The small town of Aldea del Obispo (translates as Bishop’s village – the second pueblo with this name we have stayed the night, the other being on the Variante por Trujillo) has a municipal albergue. We have been trying to contact them by phone for a couple of days as Aurelio had heard that the albergue had closed. We received no answer from a variety of numbers that we found, so held no great hope of being able to stay here tonight. But the helpful villagers directed us to the albergue building next to the church and a young man was sent to find the hospitalera who arrived quite quickly. There are three rooms, one with one bunk bed, and two with two bunks, plus a few extra mattresses. There are four showers, two loos and each dorm has a basin.
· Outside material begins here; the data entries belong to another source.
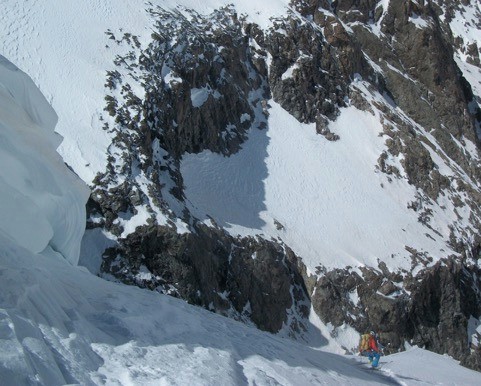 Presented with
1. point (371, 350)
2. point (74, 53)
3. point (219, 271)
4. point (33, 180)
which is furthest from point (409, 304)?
point (33, 180)

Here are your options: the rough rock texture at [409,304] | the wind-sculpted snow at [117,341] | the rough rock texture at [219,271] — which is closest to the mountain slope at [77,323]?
the wind-sculpted snow at [117,341]

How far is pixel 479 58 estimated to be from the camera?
57.2 m

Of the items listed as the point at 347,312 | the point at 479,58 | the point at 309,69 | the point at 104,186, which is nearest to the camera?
the point at 104,186

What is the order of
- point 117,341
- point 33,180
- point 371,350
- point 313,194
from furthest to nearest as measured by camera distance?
point 313,194 < point 371,350 < point 33,180 < point 117,341

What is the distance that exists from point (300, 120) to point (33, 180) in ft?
84.5

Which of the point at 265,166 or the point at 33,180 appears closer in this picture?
the point at 33,180

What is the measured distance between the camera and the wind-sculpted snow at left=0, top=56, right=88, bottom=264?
8.72 m

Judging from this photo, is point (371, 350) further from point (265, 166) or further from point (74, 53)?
point (265, 166)

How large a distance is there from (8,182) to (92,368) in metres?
3.71

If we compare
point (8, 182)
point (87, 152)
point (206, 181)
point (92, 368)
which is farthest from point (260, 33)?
point (92, 368)

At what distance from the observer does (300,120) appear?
34156 millimetres

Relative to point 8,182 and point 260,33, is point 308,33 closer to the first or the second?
point 260,33

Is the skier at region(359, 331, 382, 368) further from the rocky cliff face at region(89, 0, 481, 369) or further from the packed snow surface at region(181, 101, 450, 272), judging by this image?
the packed snow surface at region(181, 101, 450, 272)

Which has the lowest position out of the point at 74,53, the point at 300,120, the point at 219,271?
the point at 219,271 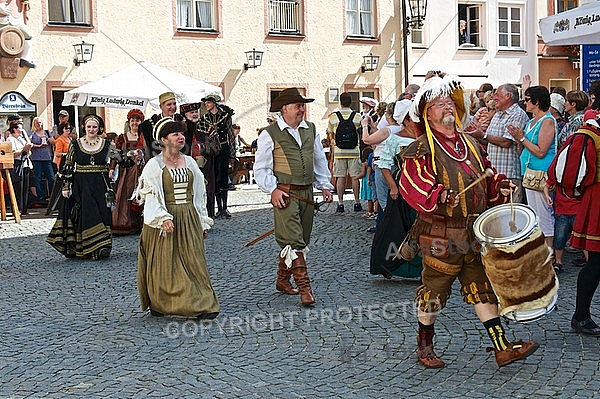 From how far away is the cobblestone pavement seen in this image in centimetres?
522

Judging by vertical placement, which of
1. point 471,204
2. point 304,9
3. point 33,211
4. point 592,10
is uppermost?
point 304,9

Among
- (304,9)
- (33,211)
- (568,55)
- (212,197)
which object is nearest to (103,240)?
(212,197)

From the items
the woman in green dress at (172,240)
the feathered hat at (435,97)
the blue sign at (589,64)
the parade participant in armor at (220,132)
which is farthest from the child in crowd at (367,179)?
the feathered hat at (435,97)

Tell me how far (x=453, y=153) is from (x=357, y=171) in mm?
8232

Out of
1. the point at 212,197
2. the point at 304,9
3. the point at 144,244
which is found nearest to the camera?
the point at 144,244

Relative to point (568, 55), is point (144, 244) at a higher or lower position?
lower

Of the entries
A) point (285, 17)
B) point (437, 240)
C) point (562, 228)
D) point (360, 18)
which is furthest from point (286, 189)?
point (360, 18)

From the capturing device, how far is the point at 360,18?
2458cm

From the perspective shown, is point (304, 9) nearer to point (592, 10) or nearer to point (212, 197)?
point (212, 197)

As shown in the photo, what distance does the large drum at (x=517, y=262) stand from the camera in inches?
200

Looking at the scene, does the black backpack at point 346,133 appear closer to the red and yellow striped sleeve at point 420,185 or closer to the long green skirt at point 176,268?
the long green skirt at point 176,268

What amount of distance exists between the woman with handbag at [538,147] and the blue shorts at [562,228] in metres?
0.06

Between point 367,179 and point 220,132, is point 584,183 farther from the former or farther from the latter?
point 220,132

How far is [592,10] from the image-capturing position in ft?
33.2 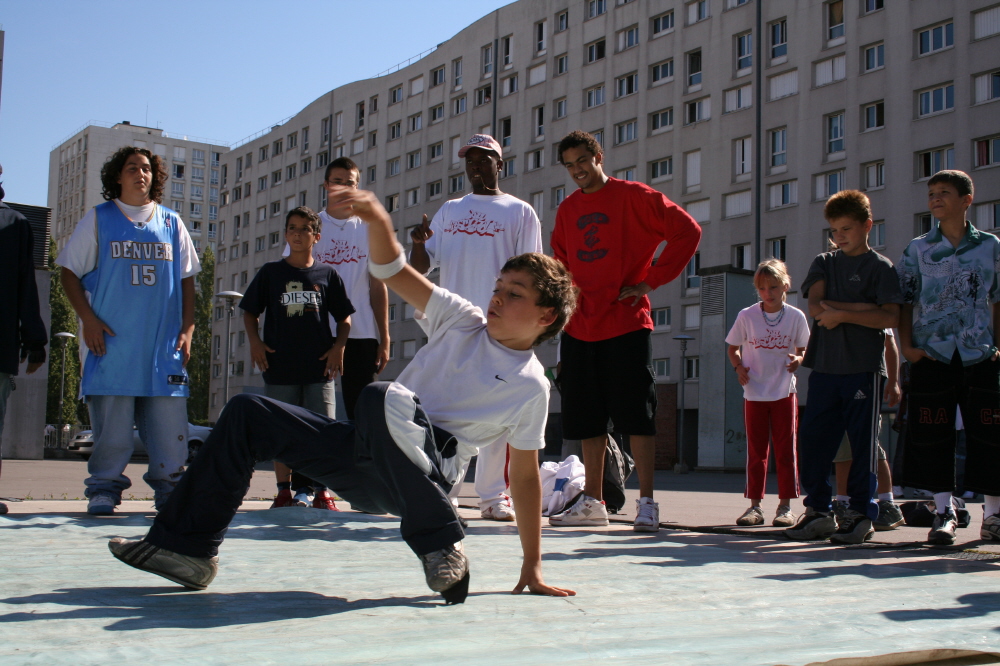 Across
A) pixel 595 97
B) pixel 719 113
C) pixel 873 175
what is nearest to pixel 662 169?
pixel 719 113

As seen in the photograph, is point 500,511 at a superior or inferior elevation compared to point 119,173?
inferior

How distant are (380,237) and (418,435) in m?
0.66

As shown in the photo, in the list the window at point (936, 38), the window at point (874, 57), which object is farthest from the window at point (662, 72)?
the window at point (936, 38)

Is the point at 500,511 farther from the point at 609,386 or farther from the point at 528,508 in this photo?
the point at 528,508

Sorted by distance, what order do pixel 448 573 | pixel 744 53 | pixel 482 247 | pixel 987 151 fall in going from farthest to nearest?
pixel 744 53
pixel 987 151
pixel 482 247
pixel 448 573

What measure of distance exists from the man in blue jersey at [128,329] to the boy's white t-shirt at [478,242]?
160cm

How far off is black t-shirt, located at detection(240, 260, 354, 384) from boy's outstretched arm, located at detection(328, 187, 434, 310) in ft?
9.31

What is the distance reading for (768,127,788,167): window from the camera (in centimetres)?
3909

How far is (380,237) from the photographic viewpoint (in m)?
3.04

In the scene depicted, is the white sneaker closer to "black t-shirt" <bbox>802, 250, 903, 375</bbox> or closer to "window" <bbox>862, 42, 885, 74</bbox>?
"black t-shirt" <bbox>802, 250, 903, 375</bbox>

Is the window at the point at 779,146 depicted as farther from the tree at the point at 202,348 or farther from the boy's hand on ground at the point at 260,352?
the tree at the point at 202,348

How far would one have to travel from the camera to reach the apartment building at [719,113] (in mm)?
34219

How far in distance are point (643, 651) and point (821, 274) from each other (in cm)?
382

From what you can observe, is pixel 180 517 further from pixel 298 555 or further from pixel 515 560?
pixel 515 560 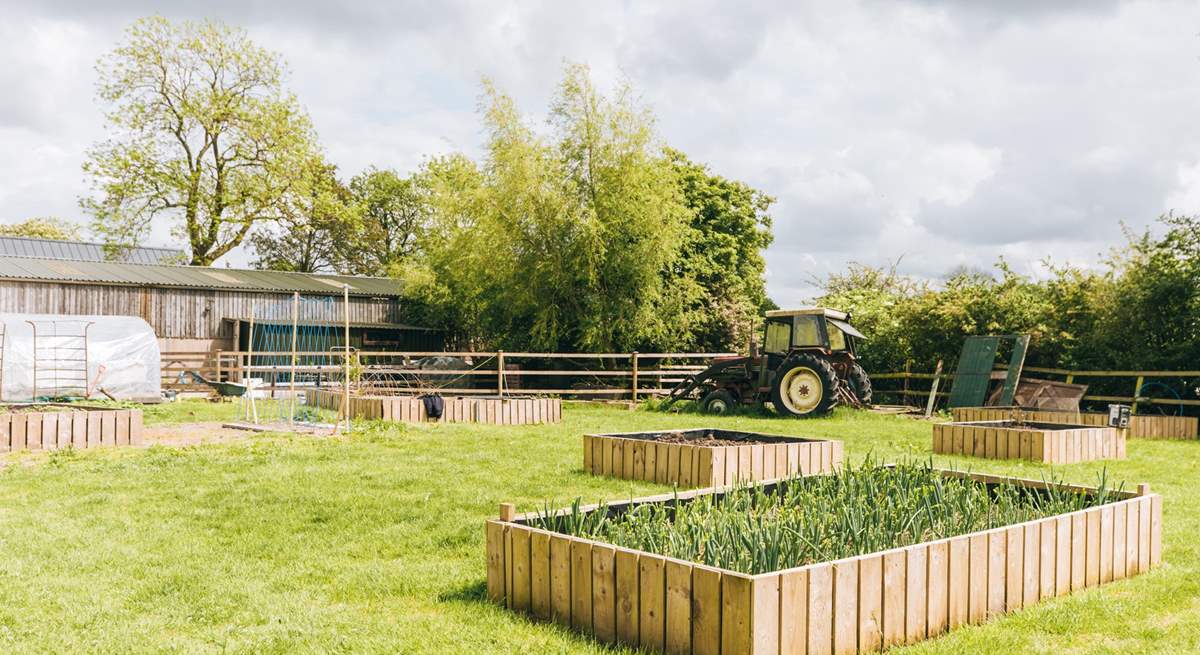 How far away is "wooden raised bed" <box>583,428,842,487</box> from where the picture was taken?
8.04m

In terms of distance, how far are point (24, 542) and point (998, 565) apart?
18.5 feet

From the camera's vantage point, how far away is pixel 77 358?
1977cm

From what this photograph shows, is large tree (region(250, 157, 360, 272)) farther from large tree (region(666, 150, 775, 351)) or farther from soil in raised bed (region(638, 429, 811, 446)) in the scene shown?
soil in raised bed (region(638, 429, 811, 446))

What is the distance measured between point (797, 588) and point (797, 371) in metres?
12.3

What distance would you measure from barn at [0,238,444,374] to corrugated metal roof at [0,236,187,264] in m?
10.1

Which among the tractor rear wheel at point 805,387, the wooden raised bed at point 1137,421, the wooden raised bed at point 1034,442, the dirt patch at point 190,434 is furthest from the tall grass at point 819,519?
the tractor rear wheel at point 805,387

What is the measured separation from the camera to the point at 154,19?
32.6 metres

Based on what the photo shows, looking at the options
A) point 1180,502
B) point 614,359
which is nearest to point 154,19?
point 614,359

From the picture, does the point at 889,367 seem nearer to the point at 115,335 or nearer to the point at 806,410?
the point at 806,410

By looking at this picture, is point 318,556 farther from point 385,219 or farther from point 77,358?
point 385,219

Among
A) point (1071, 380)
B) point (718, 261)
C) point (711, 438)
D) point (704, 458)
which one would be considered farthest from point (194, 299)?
point (704, 458)

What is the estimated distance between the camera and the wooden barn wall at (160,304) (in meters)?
27.1

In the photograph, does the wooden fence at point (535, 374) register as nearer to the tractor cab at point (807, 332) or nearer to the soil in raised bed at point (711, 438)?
the tractor cab at point (807, 332)

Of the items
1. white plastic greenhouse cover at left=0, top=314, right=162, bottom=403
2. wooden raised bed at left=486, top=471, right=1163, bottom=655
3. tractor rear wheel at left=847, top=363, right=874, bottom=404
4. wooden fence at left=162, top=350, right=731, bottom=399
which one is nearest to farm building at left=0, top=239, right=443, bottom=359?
wooden fence at left=162, top=350, right=731, bottom=399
Add to that a fully functioning kitchen and dining table, a rather scruffy back yard and a grassed area to the front and we are all very impressed with the well thought out facility. 15€ with towel but no bedding, 20€ if you need bedding. There is a good shop in the village so you can buy food to cook, and of course there is a bar where you can order a meal. Website and telephone number for the hospitalera Rosi 0034 628 549 912.
Aldea del Obispo is only a couple of km from the Portuguese border and we are all rather excited to be crossing to a different country tomorrow morning.